- _To do_:
In the data below, set down exactly the lines from the one containing "Ladies Open-Face Cardigan" up to and including the one containing "Giày Bảo Hộ". Leave the pictures out.
Start of Materials provided
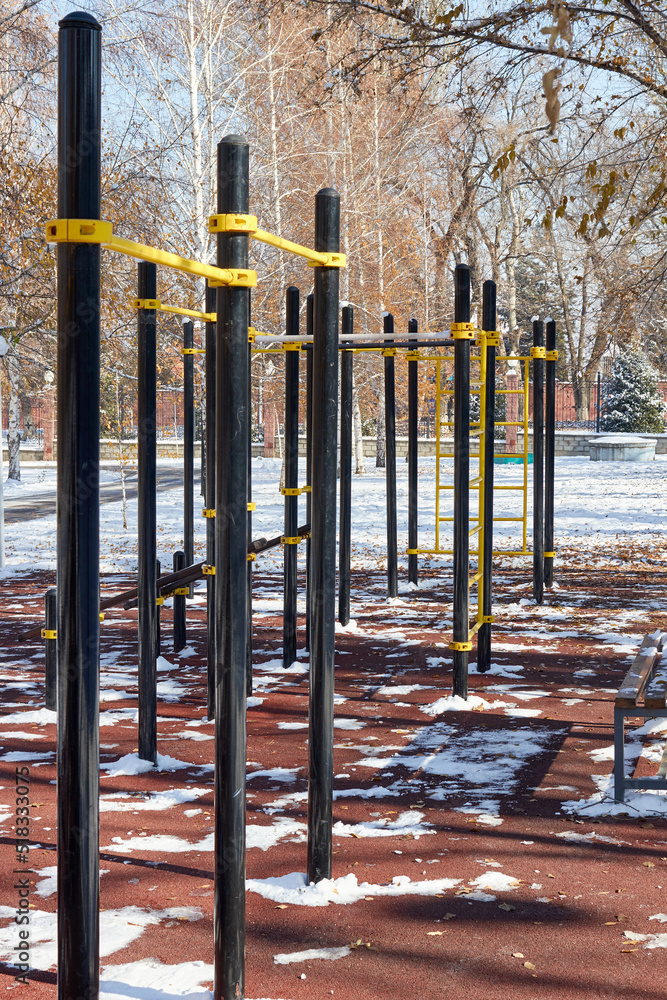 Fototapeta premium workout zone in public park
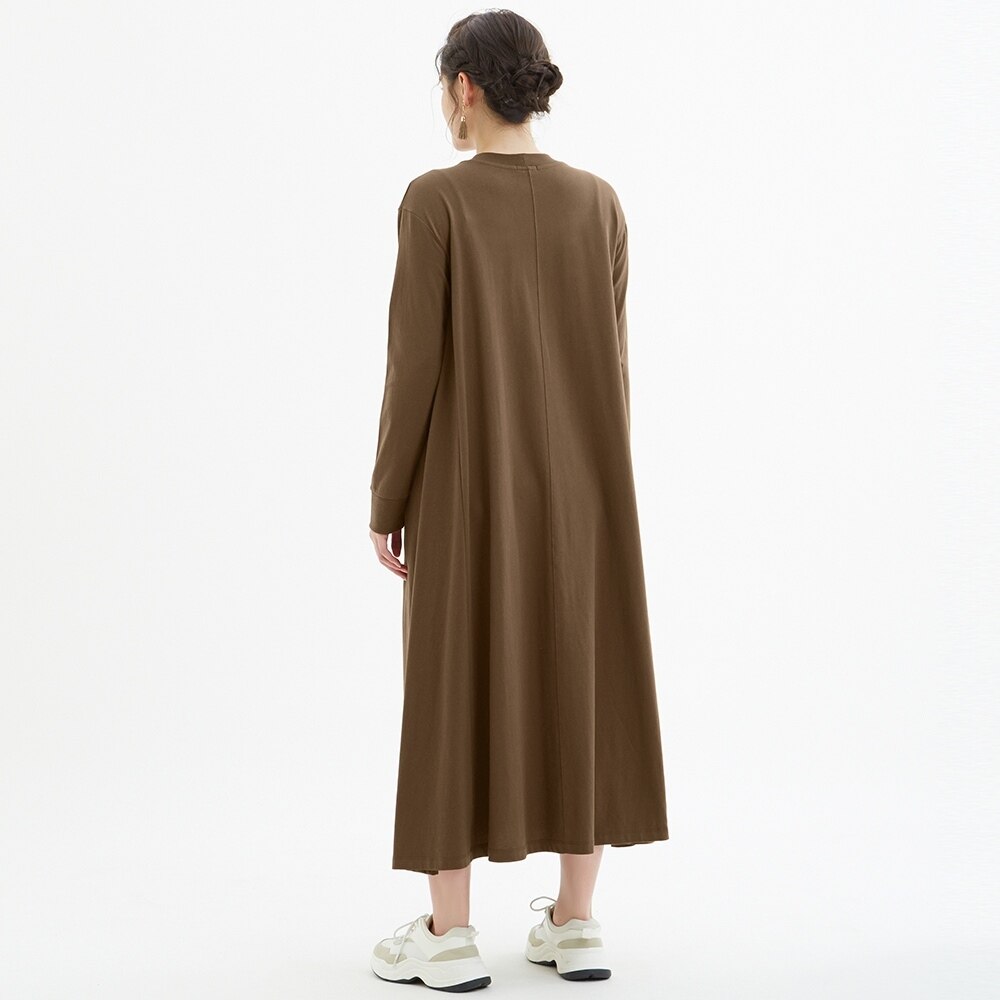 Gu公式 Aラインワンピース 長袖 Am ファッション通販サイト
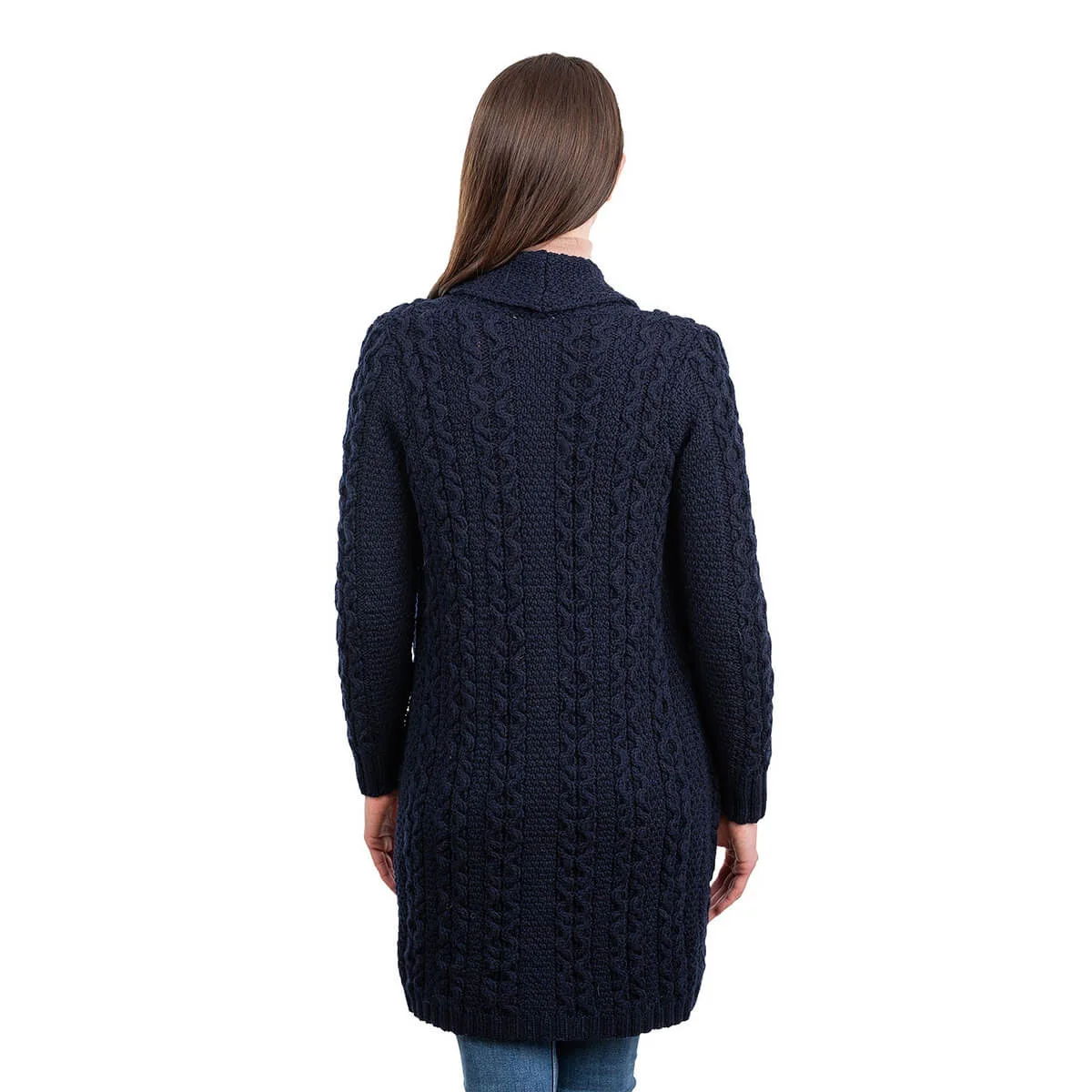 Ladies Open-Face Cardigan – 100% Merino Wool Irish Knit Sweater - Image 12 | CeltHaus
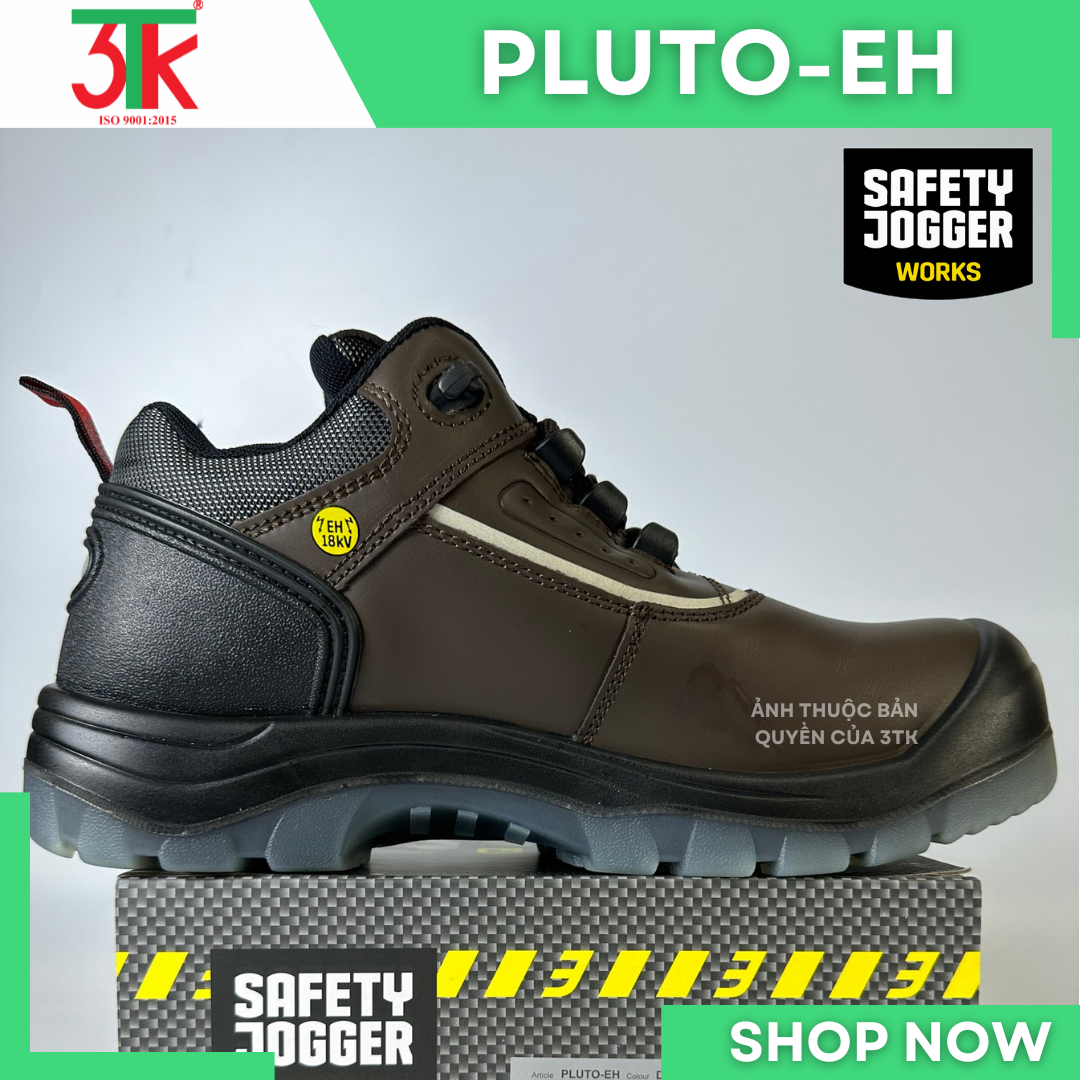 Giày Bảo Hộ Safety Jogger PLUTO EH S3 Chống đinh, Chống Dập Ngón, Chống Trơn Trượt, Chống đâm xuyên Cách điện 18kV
End of Materials provided
Start of Materials provided
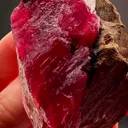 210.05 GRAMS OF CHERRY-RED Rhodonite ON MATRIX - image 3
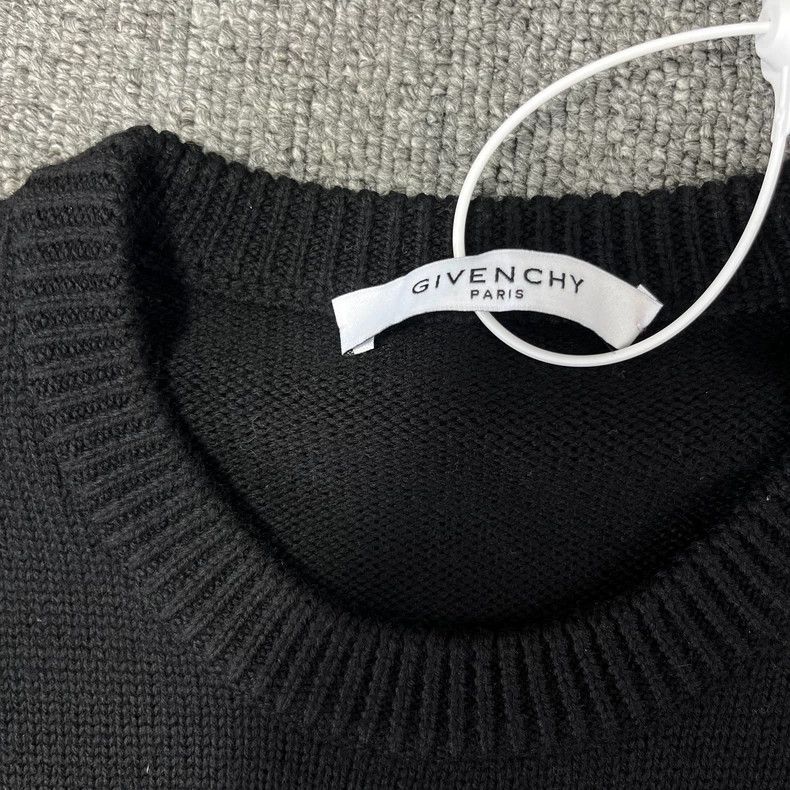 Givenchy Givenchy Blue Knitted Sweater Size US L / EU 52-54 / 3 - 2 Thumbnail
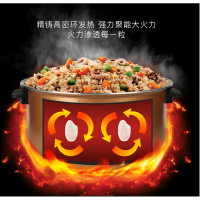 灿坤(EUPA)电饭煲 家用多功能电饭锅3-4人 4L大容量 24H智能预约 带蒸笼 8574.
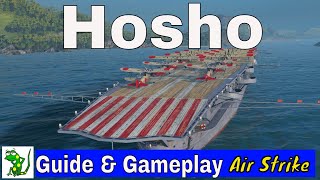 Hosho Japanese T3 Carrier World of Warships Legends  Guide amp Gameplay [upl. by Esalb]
End of Materials provided
- _Exercise output_:
 Ladies Open-Face Cardigan – 100% Merino Wool Irish Knit Sweater - Image 12 | CeltHaus
 Giày Bảo Hộ Safety Jogger PLUTO EH S3 Chống đinh, Chống Dập Ngón, Chống Trơn Trượt, Chống đâm xuyên Cách điện 18kV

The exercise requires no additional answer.